Gahl grew up in Columbia, and she heard about the LEGO program while she was still a high schooler. Both of her parents were engineers, and her mom was a particular inspiration to enter the field. “I don’t know that I would have thought I could do it if I didn’t have a really strong role model like that,” she says. “So now I like going to the camps and being able to say, ‘I’m an electrical engineering major, and that sounds really scary, but look, I’m doing it!’”

The kids use a special (and rudimentary) programming language designed by LEGO; they program a small gray box, which they can attach to the robot and which makes the whole thing move. The robot uses sensors — for pressure and light, among other things — to navigate, and some are outfitted with an internal gyroscope.

The LEGO program shares some DNA with the STEAM Bus, particularly in its target audience: kids who wouldn’t have access to gear that makes STEM fun to learn. CPS couldn’t buy a 3D printer for every school in the district, but they could buy one for the STEAM Bus and have it drive around to every school in the district. The Tech4K5 program, an offshoot of MU’s LEGO work, focuses on bringing the robotics activities to Title 1 schools in rural areas.

The program’s success depends as much on providing access to concepts as to equipment. Gahl, Latimer, and Wegge all talk about how people, especially adults, dismiss STEM subjects as impossible for anyone but the especially gifted. “When people ask me what my major is and I say electrical engineering, they say, ‘Oh, I could never do that,” Gahl says. “So it’s not even happening at the kids’ level. I think, even as we’re getting into adulthood, people have this idea that they couldn’t do it.”

“We have this concept that you have natural strengths or something in academic areas,” Latimer says, “which I don’t think has been proven true.

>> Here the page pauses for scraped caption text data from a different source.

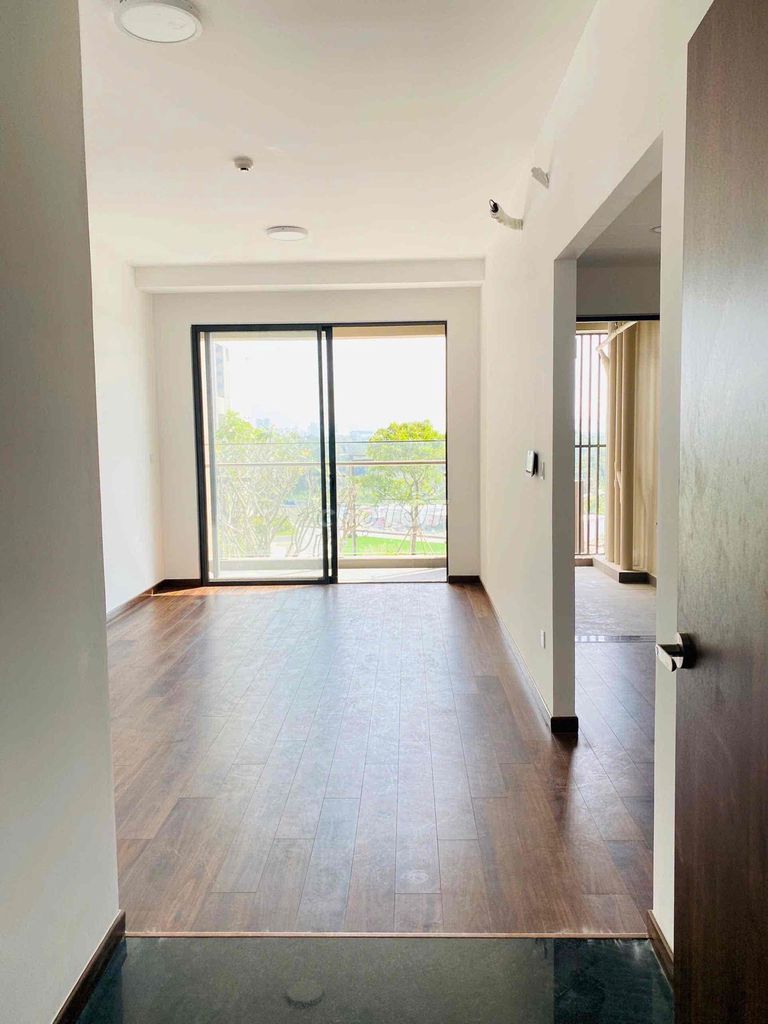 Rent MP678- Mizuki Park 2 bedrooms 85 meters with curtains. At 9.5 million.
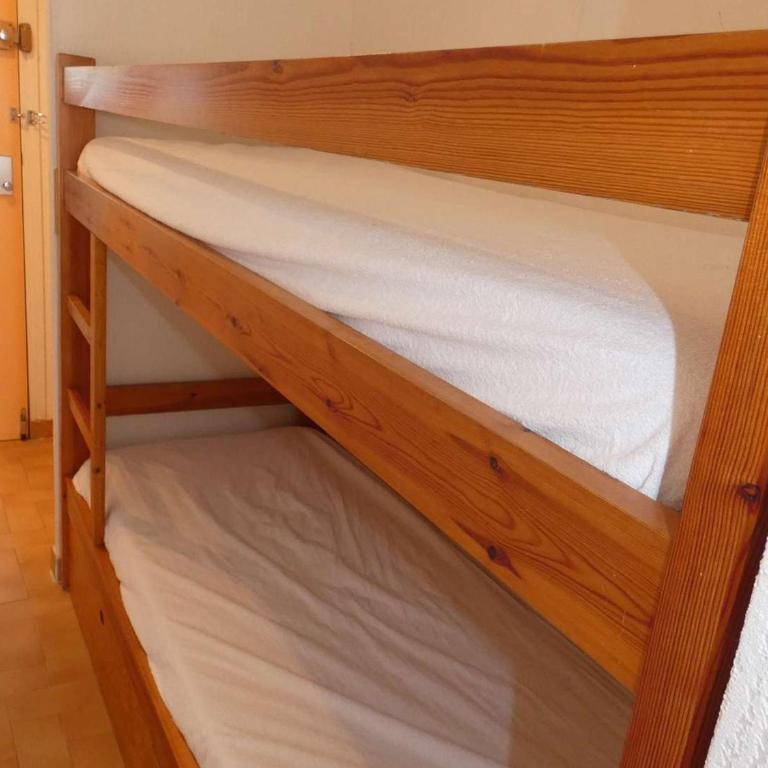 Studio cabine moderne proche plage et commerces avec parking privé - FR-1-328-226 - Studio - 8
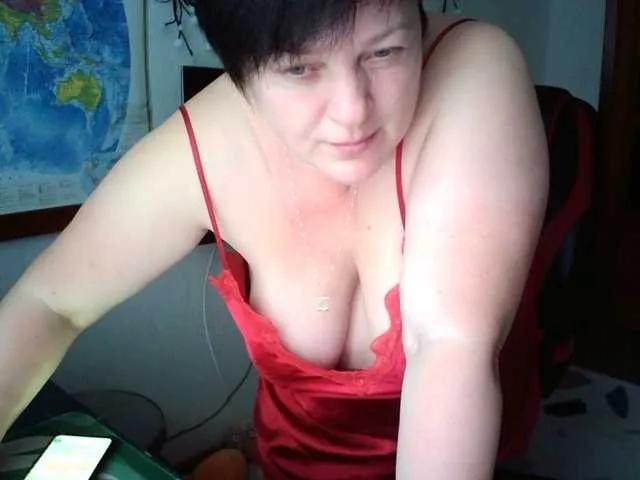 Offline -alenyshka- on BongaCams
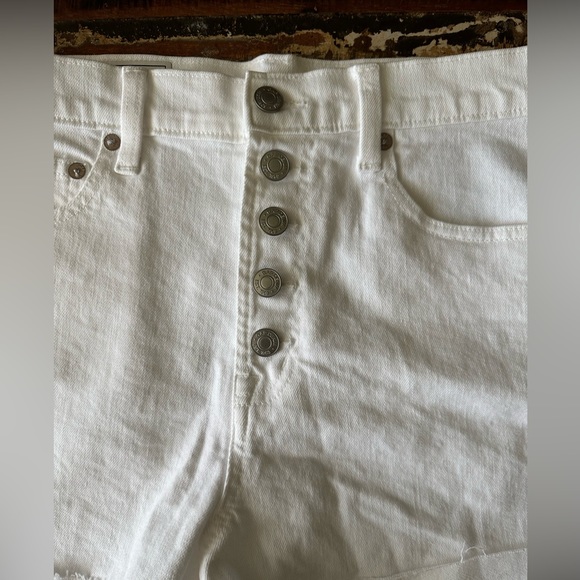 Gap white button fly high rise denim cut if shorts Size 28/6 - Picture 5 of 5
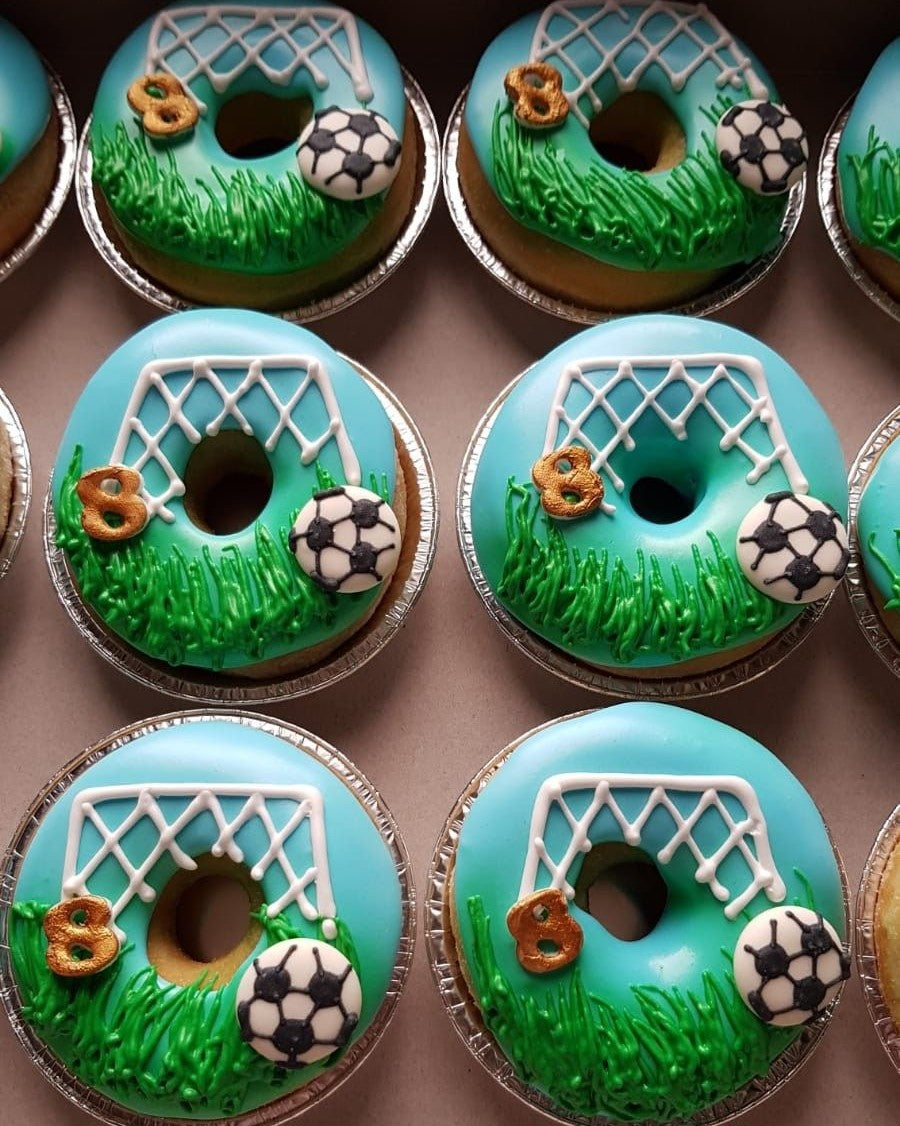 Football Cup Cakes V8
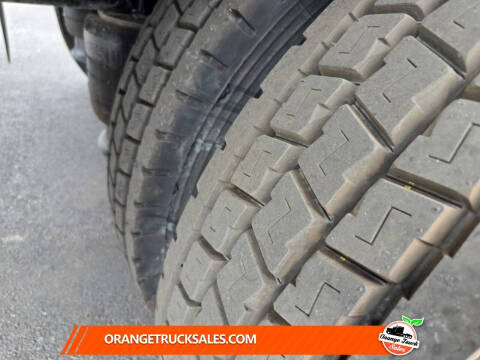 2023 Freightliner M2 106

I mean, obviously everybody has their strengths, but that doesn’t mean that you can’t do it.” As was the case with Chandrasekhar, growing up without a physics education until 10th grade, younger students have plenty of curiosity to cultivate, if you can capture their attention.

But it’s important to take a long-term view about any sort of culture shift in education. Assuming that CPS’s plan for developing Jefferson Middle as a STEAM school goes off without a hitch, the first sixth grader would enroll at the school in 2021; that means they wouldn’t finish their undergraduate coursework until 2032, and that’s taking the optimistic view that they’ll get through their degree program in four years.

That’s why the focus of STEAM’s first year has been building relationships, setting up the infrastructure needed to carry the program forward.

“For so long, I was so impatient that I thought waiting five years for something was like a lifetime,” Stiepleman says, “and it is, in so many ways, but that doesn’t mean you can’t incubate small pieces along the way.”

Part of CPS’s planning accounts for the scenario that either Adams or Stiepleman, for whatever reasons, leaves. Both want the program to continue, to become part of Columbia’s public school institution. It’s more than a pet project for a one-time shop teacher; it’s part of an address to the city’s education and employment landscape.

“But I’m excited in that, like, this is my career,” Adams says. “I’m in my 29th year, and I can see myself doing this for a long, long time because I’m just so passionate about it. And I want to see this become a thing.”